Planning how to equip your workers for end-user computing (EUC) used to be so much easier: everyone got a PC, some of the PCs could be moved around. The main decisions to make regarded the choice of model and supplier, but once those had been answered, deployments could usually continue near-automatically for many months. Now it’s become significantly harder.
The last few years have brought a rapid expansion in the range of technology decisions organizations need to make about their EUC approach. Smartphones and tablets have moved into the mainstream, challenging the “everyone gets a PC” assumption. Many users now require or expect to work with multiple devices. Globalization and connectivity have lead to far more dispersed workforces and advances in mobile technology have brought new ways for them to connect and work together.
Developments in virtualization have yielded a range of new options for packaging and delivering applications and capabilities to workers. Software loads can be customized with far greater ease, making it easier to give each user only the applications they really need. Platforms and applications can be distributed or centralized, often with no visible difference to the user. And then there’s this thing called the cloud – we know it’s important for EUC, we just don’t know quite how yet.
The result of this is an explosion in choice – a wonderful asset, provided you know what you want to do with it. Many organizations are confused as they dea with these choices and this is exposing all sorts of fundamental questions for IT to answer. Users are more sophisticated now, so how much and what kind of support do they really need? Can and should they work with their own devices or applications? What would this mean for sensitive data – where would the data be and what new business risks would that bring? In fact, how much control should IT really assert in making these technology choices for users?

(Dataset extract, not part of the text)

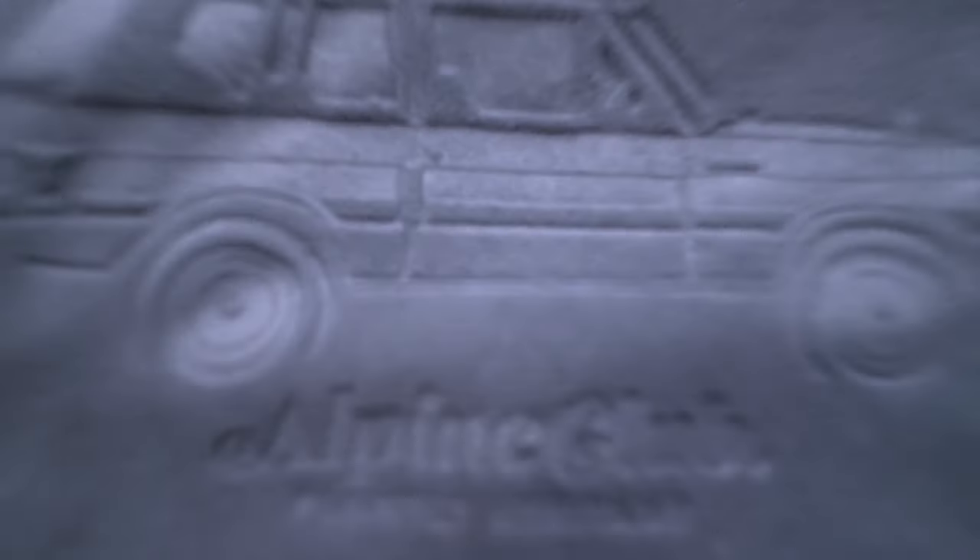I was so impressed with the quality of it and the fact that it was just the perfect warm cozy hoodie that I kept my eye out for other stuff from them that I really liked.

End-user computing is no longer a linear process of upgrade and replacement. It has become journey, with multiple paths ahead. Often these appear complex and diverging, so every organization needs to decide which directions it wants to follow (and when) for each group of workers. That is only possible if you know where it is that you want to go.
Over the next few weeks, we will describe how VMware sees this journey unfolding through the years ahead and how each organization should plan to make the EUC journey it needs to make on its own terms. Every organization now needs a plan that can guide those critical decisions about how and when to invest in the tools and capabilities it gives to its user to work. End-user computing isn’t about technology – its about how users work through technology. The wrong decisions could hold back your organizations’ productivity and ability to grow for many years to come.